Aim of the exercise:
The required output is the line that contains "wholesale quality brioni" plus every line after it in the listing below, copied exactly as it appears.
******************************
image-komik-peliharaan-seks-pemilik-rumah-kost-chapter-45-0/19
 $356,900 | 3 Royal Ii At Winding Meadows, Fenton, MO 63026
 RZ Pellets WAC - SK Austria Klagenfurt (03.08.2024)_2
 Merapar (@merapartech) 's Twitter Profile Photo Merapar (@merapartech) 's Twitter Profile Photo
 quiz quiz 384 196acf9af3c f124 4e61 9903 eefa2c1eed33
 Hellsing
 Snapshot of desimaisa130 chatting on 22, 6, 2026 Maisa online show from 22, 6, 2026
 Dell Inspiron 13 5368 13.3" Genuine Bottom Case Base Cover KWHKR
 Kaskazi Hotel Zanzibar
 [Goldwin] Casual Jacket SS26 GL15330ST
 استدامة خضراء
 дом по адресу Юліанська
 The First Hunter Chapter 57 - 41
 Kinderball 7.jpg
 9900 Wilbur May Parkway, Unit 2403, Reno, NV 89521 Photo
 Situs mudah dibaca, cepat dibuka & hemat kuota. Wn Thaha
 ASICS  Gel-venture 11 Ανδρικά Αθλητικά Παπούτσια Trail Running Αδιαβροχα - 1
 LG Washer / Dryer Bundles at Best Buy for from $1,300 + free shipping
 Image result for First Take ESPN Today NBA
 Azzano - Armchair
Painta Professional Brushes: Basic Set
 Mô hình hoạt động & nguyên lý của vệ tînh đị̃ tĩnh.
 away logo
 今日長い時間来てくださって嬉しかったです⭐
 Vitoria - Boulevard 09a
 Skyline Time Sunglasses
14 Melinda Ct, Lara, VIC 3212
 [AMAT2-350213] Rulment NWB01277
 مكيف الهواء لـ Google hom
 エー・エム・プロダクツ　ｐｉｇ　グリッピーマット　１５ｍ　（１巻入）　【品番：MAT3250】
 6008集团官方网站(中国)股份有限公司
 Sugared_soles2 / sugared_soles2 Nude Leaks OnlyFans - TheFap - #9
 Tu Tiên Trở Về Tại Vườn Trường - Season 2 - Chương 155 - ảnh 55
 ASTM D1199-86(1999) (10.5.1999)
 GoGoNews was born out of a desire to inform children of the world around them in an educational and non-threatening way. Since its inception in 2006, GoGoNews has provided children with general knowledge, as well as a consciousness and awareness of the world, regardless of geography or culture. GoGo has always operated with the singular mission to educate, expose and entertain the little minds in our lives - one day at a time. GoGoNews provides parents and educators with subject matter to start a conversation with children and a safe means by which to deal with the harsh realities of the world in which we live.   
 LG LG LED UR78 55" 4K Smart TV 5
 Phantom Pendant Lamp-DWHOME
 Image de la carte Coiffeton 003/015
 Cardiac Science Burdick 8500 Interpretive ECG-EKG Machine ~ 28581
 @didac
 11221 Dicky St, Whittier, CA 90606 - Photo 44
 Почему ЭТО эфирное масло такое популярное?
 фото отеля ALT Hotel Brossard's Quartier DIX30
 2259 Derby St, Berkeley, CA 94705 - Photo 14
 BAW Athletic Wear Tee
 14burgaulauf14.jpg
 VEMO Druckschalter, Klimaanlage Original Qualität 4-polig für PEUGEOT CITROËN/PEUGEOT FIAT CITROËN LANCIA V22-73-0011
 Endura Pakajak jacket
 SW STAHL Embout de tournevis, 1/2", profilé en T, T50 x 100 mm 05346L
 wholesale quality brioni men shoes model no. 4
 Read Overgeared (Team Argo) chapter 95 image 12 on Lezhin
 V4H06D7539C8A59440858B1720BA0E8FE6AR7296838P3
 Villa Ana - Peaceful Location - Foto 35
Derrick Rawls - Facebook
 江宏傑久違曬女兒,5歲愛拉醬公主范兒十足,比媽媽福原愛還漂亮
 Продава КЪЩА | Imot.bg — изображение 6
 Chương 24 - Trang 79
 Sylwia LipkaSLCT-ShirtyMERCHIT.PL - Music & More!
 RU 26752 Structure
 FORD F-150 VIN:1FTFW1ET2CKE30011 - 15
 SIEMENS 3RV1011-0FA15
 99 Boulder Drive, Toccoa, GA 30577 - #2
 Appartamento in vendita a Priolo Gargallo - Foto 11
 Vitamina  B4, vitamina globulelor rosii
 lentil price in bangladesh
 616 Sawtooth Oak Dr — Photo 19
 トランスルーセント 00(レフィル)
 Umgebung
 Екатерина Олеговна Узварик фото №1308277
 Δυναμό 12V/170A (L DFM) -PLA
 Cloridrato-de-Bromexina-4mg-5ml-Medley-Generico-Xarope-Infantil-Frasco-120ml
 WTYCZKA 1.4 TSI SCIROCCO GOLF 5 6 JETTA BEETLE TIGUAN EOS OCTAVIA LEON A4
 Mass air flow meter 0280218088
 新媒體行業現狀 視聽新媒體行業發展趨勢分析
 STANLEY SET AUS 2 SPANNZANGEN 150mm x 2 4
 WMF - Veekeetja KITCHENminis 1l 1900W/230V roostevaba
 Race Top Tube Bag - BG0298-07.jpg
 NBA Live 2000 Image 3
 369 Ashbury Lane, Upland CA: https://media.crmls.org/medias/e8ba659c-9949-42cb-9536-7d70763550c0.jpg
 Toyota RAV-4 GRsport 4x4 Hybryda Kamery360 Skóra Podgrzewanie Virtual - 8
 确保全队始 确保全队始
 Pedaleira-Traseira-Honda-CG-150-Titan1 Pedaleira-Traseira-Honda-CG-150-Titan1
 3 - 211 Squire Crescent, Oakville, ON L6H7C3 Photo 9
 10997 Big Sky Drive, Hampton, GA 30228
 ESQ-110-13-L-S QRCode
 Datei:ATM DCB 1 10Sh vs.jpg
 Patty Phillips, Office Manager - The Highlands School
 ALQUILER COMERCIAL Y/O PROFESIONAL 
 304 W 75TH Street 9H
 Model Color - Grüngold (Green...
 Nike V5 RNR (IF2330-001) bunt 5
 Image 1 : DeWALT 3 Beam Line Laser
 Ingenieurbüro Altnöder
******************************
Task response:
 wholesale quality brioni men shoes model no. 4
 Read Overgeared (Team Argo) chapter 95 image 12 on Lezhin
 V4H06D7539C8A59440858B1720BA0E8FE6AR7296838P3
 Villa Ana - Peaceful Location - Foto 35
Derrick Rawls - Facebook
 江宏傑久違曬女兒,5歲愛拉醬公主范兒十足,比媽媽福原愛還漂亮
 Продава КЪЩА | Imot.bg — изображение 6
 Chương 24 - Trang 79
 Sylwia LipkaSLCT-ShirtyMERCHIT.PL - Music & More!
 RU 26752 Structure
 FORD F-150 VIN:1FTFW1ET2CKE30011 - 15
 SIEMENS 3RV1011-0FA15
 99 Boulder Drive, Toccoa, GA 30577 - #2
 Appartamento in vendita a Priolo Gargallo - Foto 11
 Vitamina  B4, vitamina globulelor rosii
 lentil price in bangladesh
 616 Sawtooth Oak Dr — Photo 19
 トランスルーセント 00(レフィル)
 Umgebung
 Екатерина Олеговна Узварик фото №1308277
 Δυναμό 12V/170A (L DFM) -PLA
 Cloridrato-de-Bromexina-4mg-5ml-Medley-Generico-Xarope-Infantil-Frasco-120ml
 WTYCZKA 1.4 TSI SCIROCCO GOLF 5 6 JETTA BEETLE TIGUAN EOS OCTAVIA LEON A4
 Mass air flow meter 0280218088
 新媒體行業現狀 視聽新媒體行業發展趨勢分析
 STANLEY SET AUS 2 SPANNZANGEN 150mm x 2 4
 WMF - Veekeetja KITCHENminis 1l 1900W/230V roostevaba
 Race Top Tube Bag - BG0298-07.jpg
 NBA Live 2000 Image 3
 369 Ashbury Lane, Upland CA: https://media.crmls.org/medias/e8ba659c-9949-42cb-9536-7d70763550c0.jpg
 Toyota RAV-4 GRsport 4x4 Hybryda Kamery360 Skóra Podgrzewanie Virtual - 8
 确保全队始 确保全队始
 Pedaleira-Traseira-Honda-CG-150-Titan1 Pedaleira-Traseira-Honda-CG-150-Titan1
 3 - 211 Squire Crescent, Oakville, ON L6H7C3 Photo 9
 10997 Big Sky Drive, Hampton, GA 30228
 ESQ-110-13-L-S QRCode
 Datei:ATM DCB 1 10Sh vs.jpg
 Patty Phillips, Office Manager - The Highlands School
 ALQUILER COMERCIAL Y/O PROFESIONAL 
 304 W 75TH Street 9H
 Model Color - Grüngold (Green...
 Nike V5 RNR (IF2330-001) bunt 5
 Image 1 : DeWALT 3 Beam Line Laser
 Ingenieurbüro Altnöder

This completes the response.